2) Know Your Property

Baltimore is notorious for having properties in complete disrepair. Many times, properties in these areas have values that do not exceed their replacement cost - making them tough to pencil for investors. Always do full due diligence on your potential acquisitions. I always check things like rental licenses, lead certs, or past permits, which can be found here. I never want to buy a property unless I know every detail and history (that’s available) on the property. In my experience, I’ve found a lot of property owners performing shady work in the city without proper permits, and when you purchase it, you’re essentially taking on potential liability. I’ve had sellers lie on paper just to get the house sold (and I have caught them in their lie too). Baltimore is also notorious for having lead issues.
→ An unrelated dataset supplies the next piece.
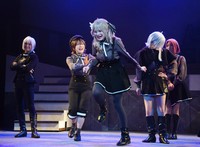 熱演する横山結衣（中央）＝東京・銀座博品館劇場（撮影・高石航平）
I always recommend getting a lead consultation to help you remediate and avoid any issues of being taken to court. Sometimes full remediation may not be economically feasible, but It gives you peace of mind.
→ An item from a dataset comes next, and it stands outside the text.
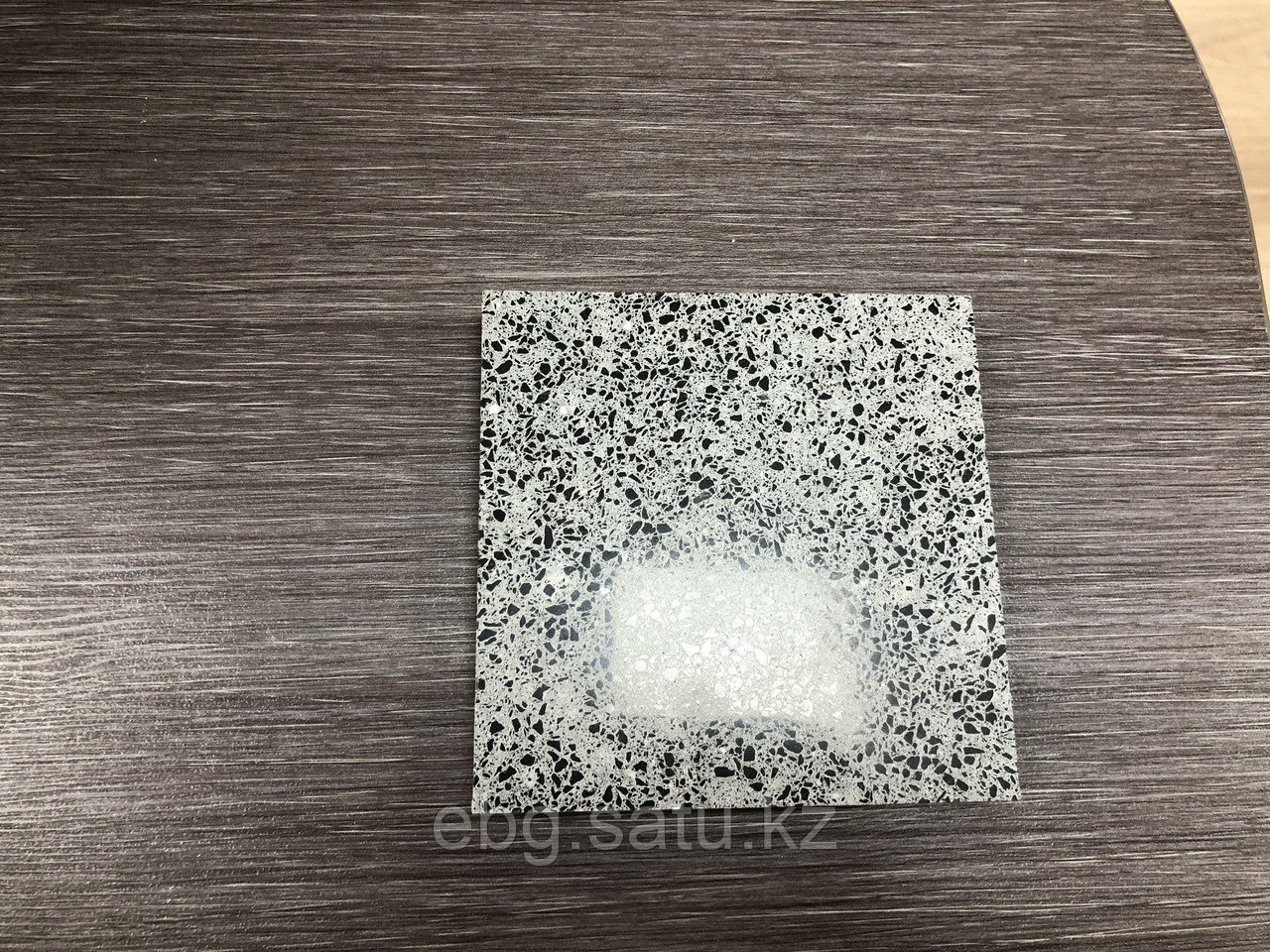 Гранит ( бетонно мозаичная плитка) красный - фото 1 - id-p50029051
3) Know Your Property Demographic

While knowing both your area and property are equally important, understanding your property demographic has a direct impact on the potential success of your investment. In my experience and speaking with other owners, areas that have an AMI of under $35,000, is where you start to see high delinquency issues. Be mindful of this when you start looking in “cheap” areas. Generally speaking, low income tenants don’t have the funds that you think you’re going to collect if you’re experiencing non-payment. And sending them to collections probably wouldn’t do much because they may not have the reserves available to become current. Don’t shy away from section-8 tenants. They are great opportunities to get surety of payment in full - especially during this COVID-19 pandemic; however, like any tenant, screen hard!

4) Know The Laws

Baltimore is not the most landlord friendly city and mainly because of the historical predatory and slumlord treatment of tenants in the city. It’s always good to know the eviction laws and process, so that in the event of non-payment, you’re prepared. Our leases are 29 pages long and thorough, to specifically avoid any ambiguity of what is allowed, what is not, and how it will be handled. If you’re doing a rehab, get in the habit of pulling permits. My rule of thumb is that if one subcontractor pulls a permit, everyone else does too, because inspectors will give you a violation if they catch something. Some of the city inspectors can be harsh if they find work being performed without permits. Inspectors aren’t stupid - so don’t risk it.

I hope these were helpful tips for your next Baltimore investment property!